Am Mittwochabend hatten Polizeistellen und Moacyr Grecchi, der Erzbischof von Rondônia, sogar die Zahl von 45 Toten verbreitet. Die Revolte in der Haftanstalt Urso Branco begann am Mittwochmorgen. Nach Angaben der örtlichen Militärpolizei waren Häftlinge untereinander verfeindeter Gruppen mit Messern und Eisenstangen aufeinander losgegangen.

Bei einem gescheiterten Fluchtversuch am Vortag war es zu Schießereien zwischen Häftlingen und dem Wachpersonal gekommen. Die Militärpolizei konnte die Situation erst im Lauf des Nachmittags unter Kontrolle bringen, nachdem die Behörden den Gefangenen zugesichert hatten, 35 besonders gefürchtete Kriminelle in den Hochsicherheitstrakt zu verlegen.

Wie die meisten brasilianischen Gefängnisse ist Urso Branco chronisch überbelegt. Statt der vorgesehenen 360 sind dort rund 900 Menschen inhaftiert. Erst vor einem Monat hatte die „Kommission Justitia et Pax“ der Erzdiözese von Porto Velho einen Bericht über die Lage in der Haftanstalt vorgelegt. Nach mehrtägigen Unruhen im November 2000 habe man vorgesehen, die gefährlichsten Häftlinge in ein anderes Gefängnis zu verlegen, doch dazu sei es nicht gekommen. Im vergangenen Jahr gelang 53 Gefangenen die Flucht, und eine Mordserie verbreitete innerhalb der Gefängnismauern Angst und Schrecken.

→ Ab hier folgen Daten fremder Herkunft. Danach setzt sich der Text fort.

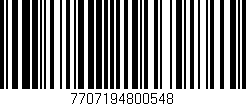 Código de barras (EAN, GTIN, SKU, ISBN): '7707194800548'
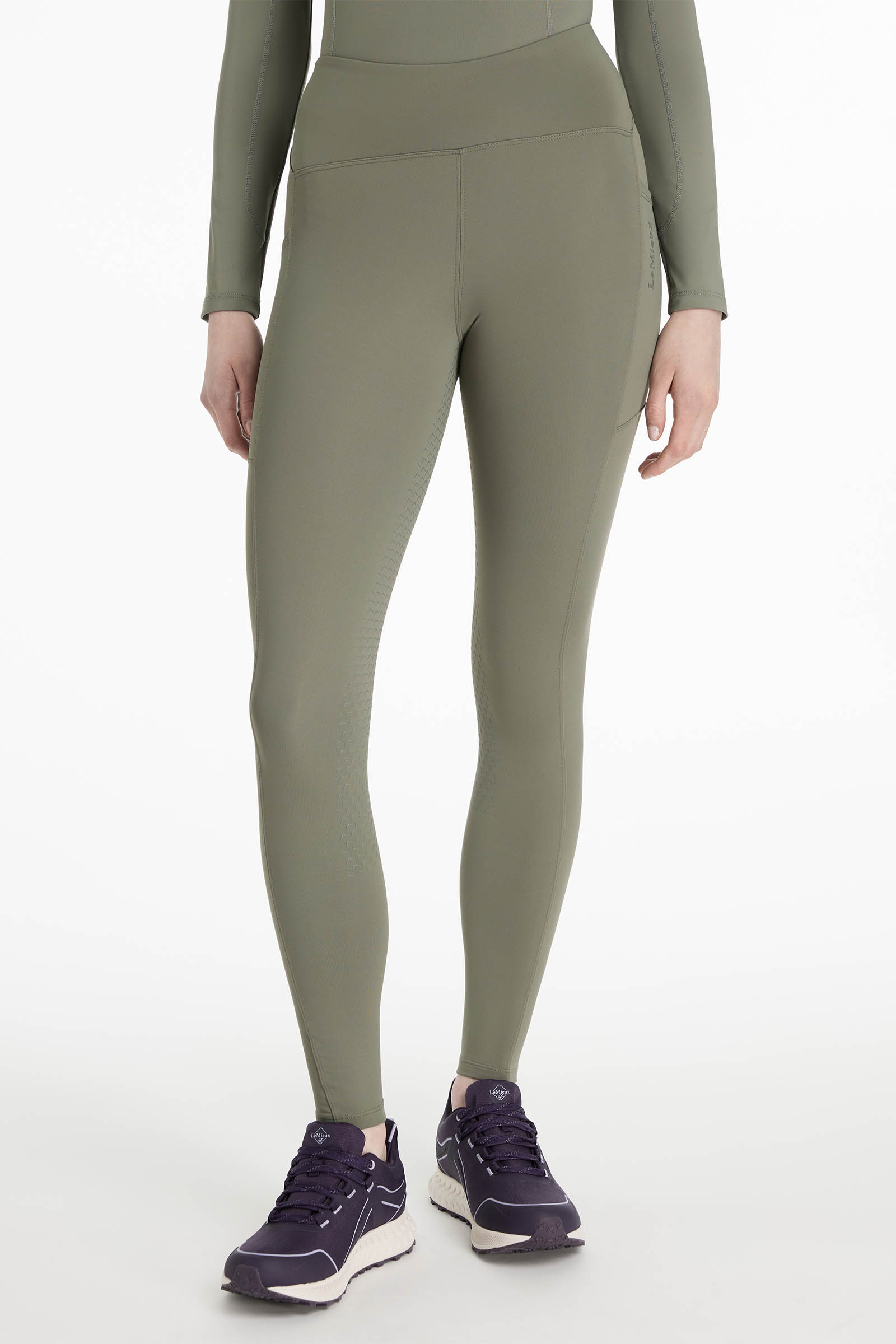 LeMieux Natalie pantaloni da equitazione donna con interno spazzolato e grip integrale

Die Untätigkeit der Behörden in Rondônia erklärt geradezu exemplarisch, warum die Gefängnisrevolten in Brasilien trauriger Alltag sind. Amnesty international hatte vor kurzem festgestellt, das „System der Untersuchungshaft“ nähere sich „dem Kollaps“, weil die Anzahl der Häftlinge ständig steige. Die brasilianische Regierung müsse eine „grundlegende Reform des Strafvollzugs“ in Angriff nehmen.